With reference now also to FIGS. 11 and 12, the spring mounting of top plate 90 to frame 106 is shown in more detail. Attached in the center of a recess 122 contained in top plate 90 is a post 124. Post 124 extends through frame 106 and through a recess bracket 126 which is attached to frame 106. At the top of post 124 is a head 128. Located about the portion of post 124 contained between recess 122 and recess bracket 126 is a spring 130 under compression. Frame 106 extends horizontally beyond shim 88 and has a downwardly depending member 132 attached securely thereto. Member 132 contains a heating element 134 and a plurality of sets of tiny heat stakes 136 at the lowermost end thereof which are disposed above top plate 86.
Top plate 90 is shown resting firmly on shim 88 and bottom plate 86 in both FIGS. 11 and 12. However, in FIG. 12 only a slight downward pressure is exerted by arm 102. Thus, top plate 90 rests firmly against shim 88 in FIG. 12 but spring 130 causes frame 106 to be spaced from top plate 90 with head 128 of post 124 engaging the top of recess bracket 126. When a greater force is exerted on arm 102 sufficient to overcome the upwardly directed compressive force of spring 130, frame 106 moves downwardly to engage the top of recess 122. As this occurs, heat stakes 136 which are heated by heating element 134 are also lowered and press against the flat sheet (not shown) which is located around shim 88. As shown in FIG. 2, lateral wing portions 18 and 20 are attached to rectangular portion 12 at a series of fuse points 30. These points 30 are created by heat stakes 136 when frame 106 is moved downwardly to the position shown in FIG. 11 as will be discussed subsequently. As shown in FIG. 10, top plate 90 is mounted to frame 106 by four posts 124 and associated springs 130. In addition, frame 106 has a downwardly depending member 132a similar to member 132 shown in FIG. 11 on one side and a downwardly depending member 132b located on the other side which is also similar to member 132 but a mirror image thereof.
Also depicted in FIG. 10 is a mechanism 50b which is attached to bottom plate 86. Mechanism 50b is similar to mechanism 50 depicted in FIGS. 7 to 9. Located on the other side of bottom plate 86 is a mechanism 50a which is a mirror image of mechanism 50b.
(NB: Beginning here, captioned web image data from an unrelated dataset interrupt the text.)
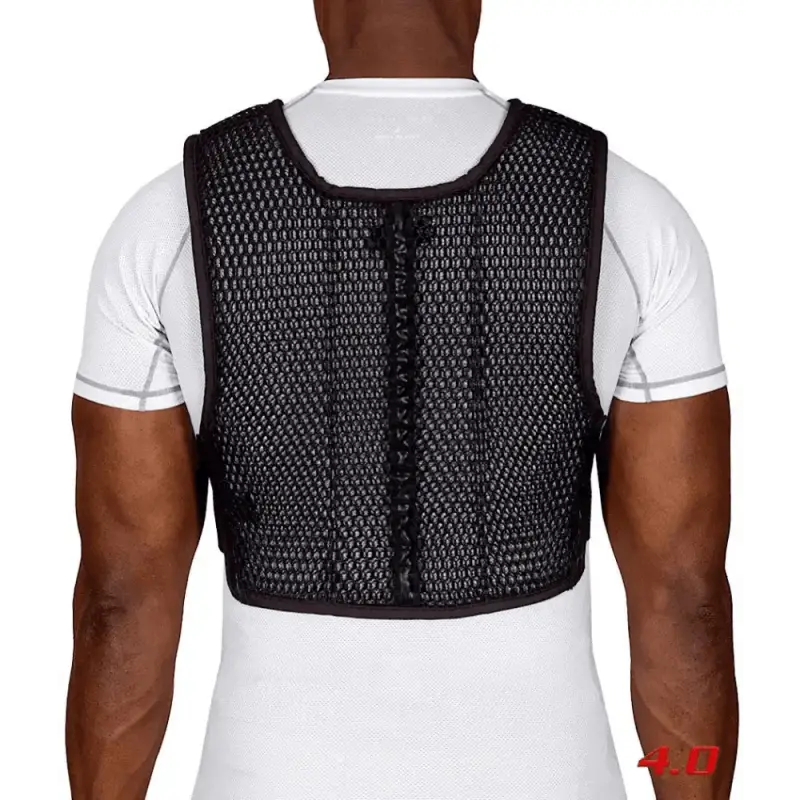 Black mesh Maxx-Dri Vest 4.0 with adjustable fit worn over a white t-shirt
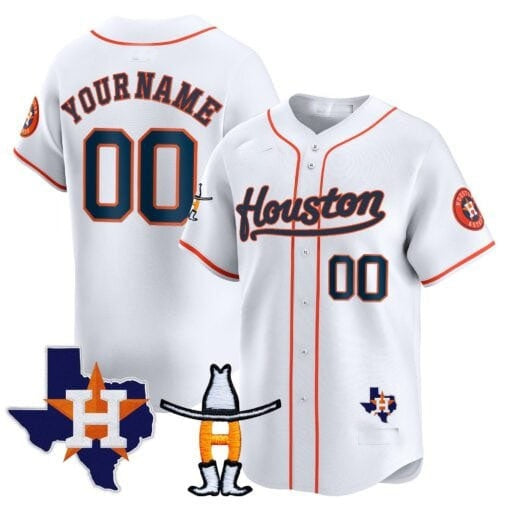 Custom Houston Astros Houston Rodeo Patch Vapor Premier Limited Jersey ¨C White 2 REYNOLDS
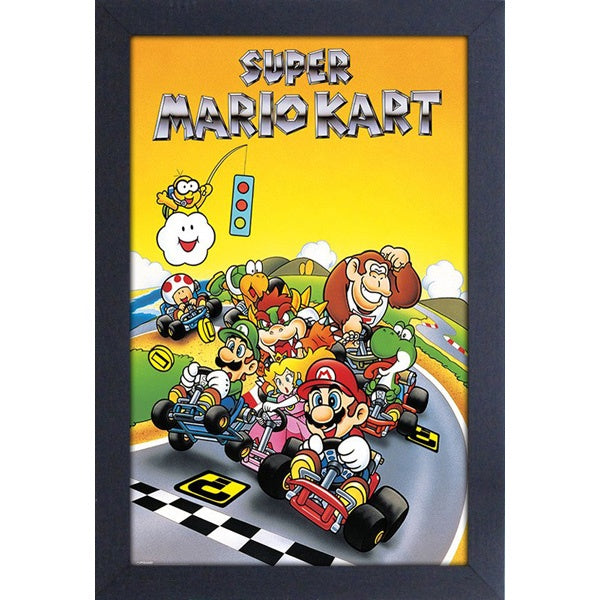 Super Mario Kart Starting Line 11″x17″ Framed Print [Pyramid America]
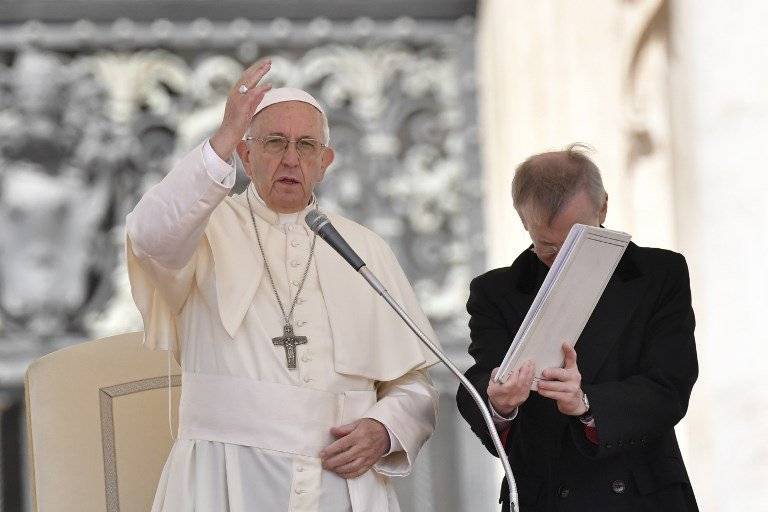 Papa Francisco en El Vaticano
Mechanisms 50a and 50b include cam followers 56a and 56b, respectively. It should be noted that cam followers 56a and 56b extend from mechanisms 50a and 50b in opposite directions. Thus, cam followers 56a and 56b engage respective ones of cam tracks 138 and 140, for purposes to be described subsequently. Attached to the front of bottom plate 86 is another mechanism 50c. Mechanism 50c has a cam follower 56c which engages a suitable cam track 142.
As shown in FIG. 10, both mechanisms 50a and 50b have a sheet locator 76a and 76b, respectively, adjacent thereto. A sheet locator 76 similar to locator 76a and 76b is shown in more detail in FIGS. 7 to 9 and 13. Referring to FIG. 13 especially, locator 76 includes a flat bar 144 with a bevelled edge 146. Located at each end of bar 144 are notches 148a and 148b. Notches 148a and 148b are spaced just inwardly from extended ends 150a and 150b below bevelled edge 146. Referring again to FIG. 10, locators 76a and 76b are spaced from one another so that side wings 18 and 20 are just located between the appropriate extended ends 150a and 150b of each sheet locator 76a and 76b. It should be noted that mechanism 50c does not have a locator associated therewith.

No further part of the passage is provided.